Now that it is done, tell me what you you liked and what can be improved on.
Handouts, while many were busy scribbling notes, 10x more information could have been conveyed by passing out pre-prepared notes on the upcoming speakers. It could be as simple a a printed outline from their powerpoint presentation. We had several county commissioners there, why not a list of all the current county commissioners county by county? A name and number to each county road department? Obviously it all takes time to prepare but once the groundwork is laid future seminars will be that much easier.
Scenario Based Training: The info seemed well prepared on a speaker by speaker basis but there was little carry over on how this information could be bundled to actually allow the user to take on some projects. Come up with some realistic scenarios a ground level user is likely to encounter and use the information discussed to solve.
Example: Your driving up trail xyz and come up to the turn off for xxx trail and find a newly placed carsonite sigh stating 'no motorized vehicles'. What do you do?
From there document the steps the ground level user can take to find out why, who, when, where, etc. Start with the local land manager ie. BLM/FS. Move to the counties route inventory as discussed in the class, etc.
Spend some time detailing how individuals/clubs/groups/families can plan a service project, adopt a trail, form a cooperative agreement. Much time was spent detailing why strategic partnerships were important but little was done to detail how the audience could move forward on these matters.
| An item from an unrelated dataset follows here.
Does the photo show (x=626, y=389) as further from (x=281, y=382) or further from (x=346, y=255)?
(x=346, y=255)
Condense all of the political reps into one speaker. I feel that while they shared good information it wasn't several hours worth and we would have benefited far more by hearing more about the ways the CCOHV group has worked to document routes, make alternative plans, etc.
Overall it was an excellent showing for a first time event and can be refined and improved with future seminars.
On a side note I have to comment about Mike Swensons commentary at the seminar. He mentioned the 'rif' between himself (Usa-All) and the 4wd community based on his 'advice' that the public comment period is not the 'silver bullet' for fighting this stuff. Unless I'm totally off mark on this particular rif, it had nothing to do with us thinking we had a silver bullet rather that Usa-All wasn't even going to take aim at a target
Ie zero response to giant RMP's. The 4wd community did not start our approach at the comment period, we were there at the initial scoping 5-6 year earlier, in full force at the alternative scoping meetings and yeah I feel our users rocked the public comment period. Read the RMP decisions and when you see things like 'based on extensive public comment' as a reasoning factor for maintaining access, I call it a win. Granted these RMP's are all being contested by SUWA, but we fared out very well in the 6 RMP. Again, I might be off mark on this particular rif but that's the only one I'm intimate with.